DATA EXCERPT →
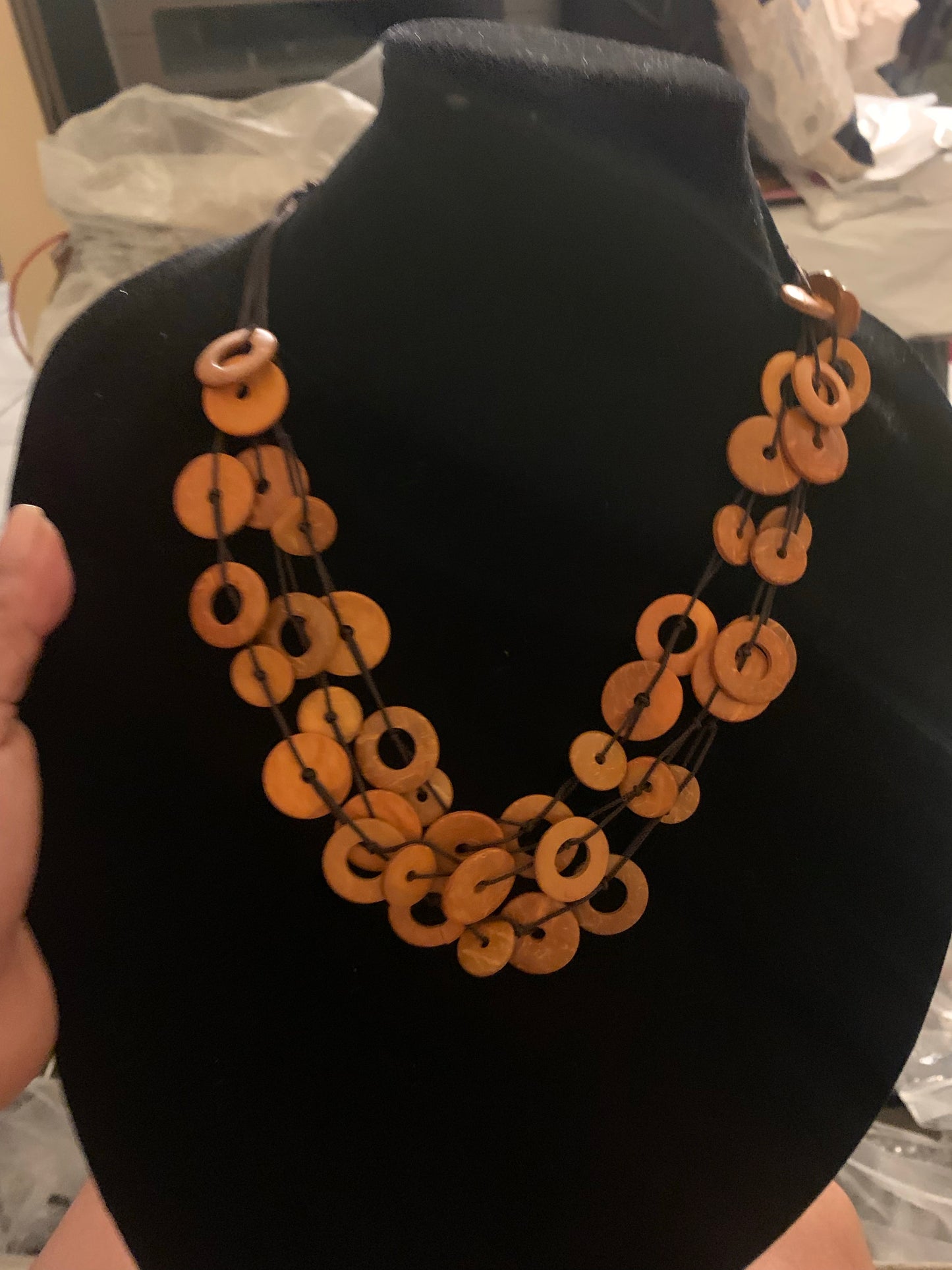 Wonderful wala wala orange necklace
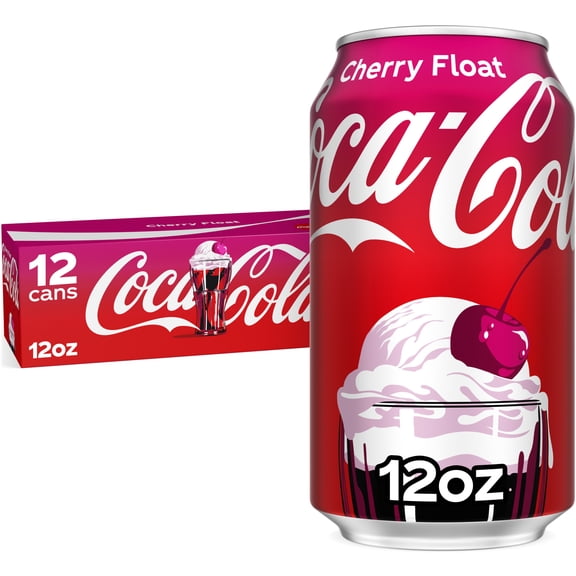 Coca-Cola Cherry Float Soda Soft Drink can, 12 fl oz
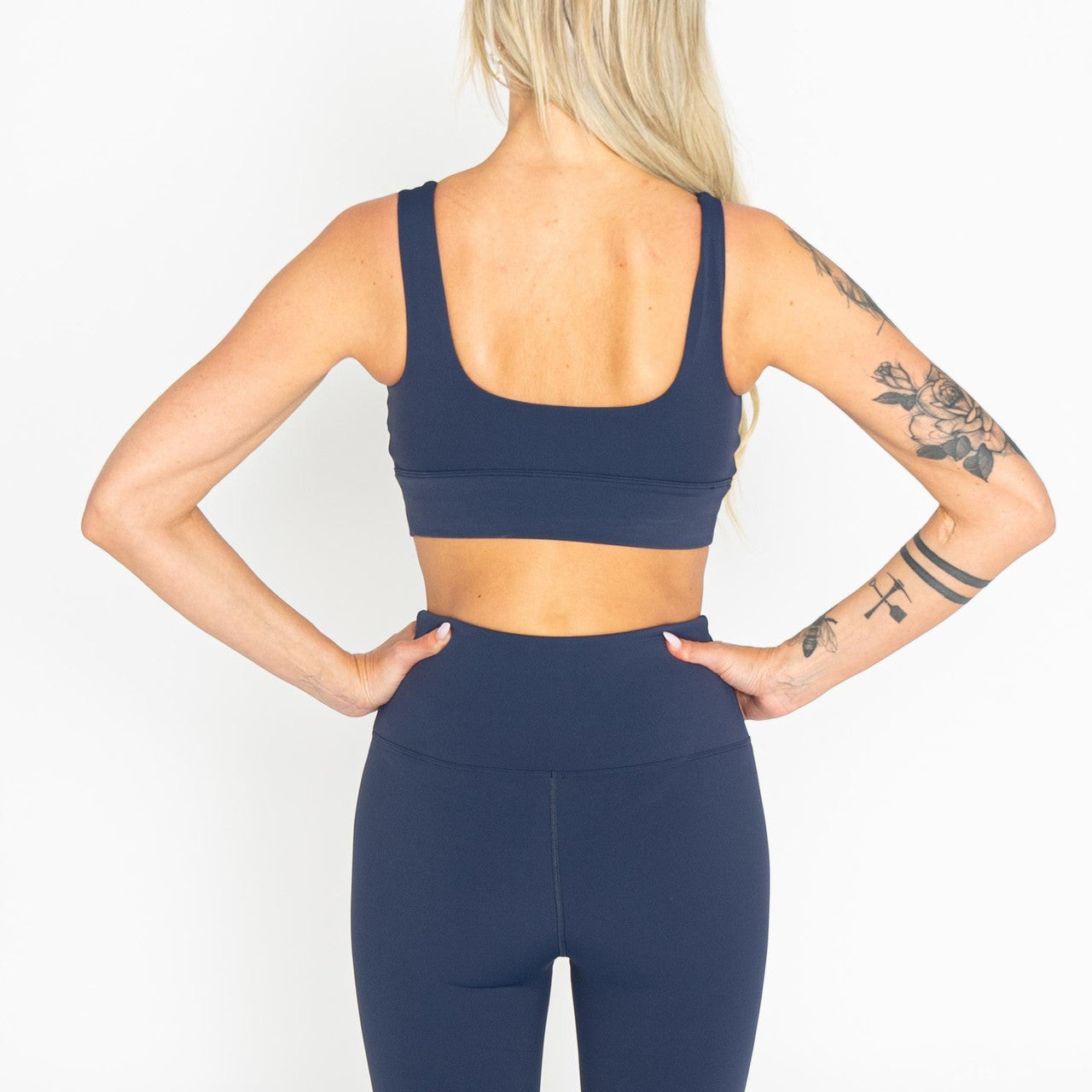 True Navy Scoop Sports Bra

ABOUT THIS TASK → Print the material precisely as given, dropping any images it holds.

ANSWER AREA →
 Wonderful wala wala orange necklace
 Coca-Cola Cherry Float Soda Soft Drink can, 12 fl oz
 True Navy Scoop Sports Bra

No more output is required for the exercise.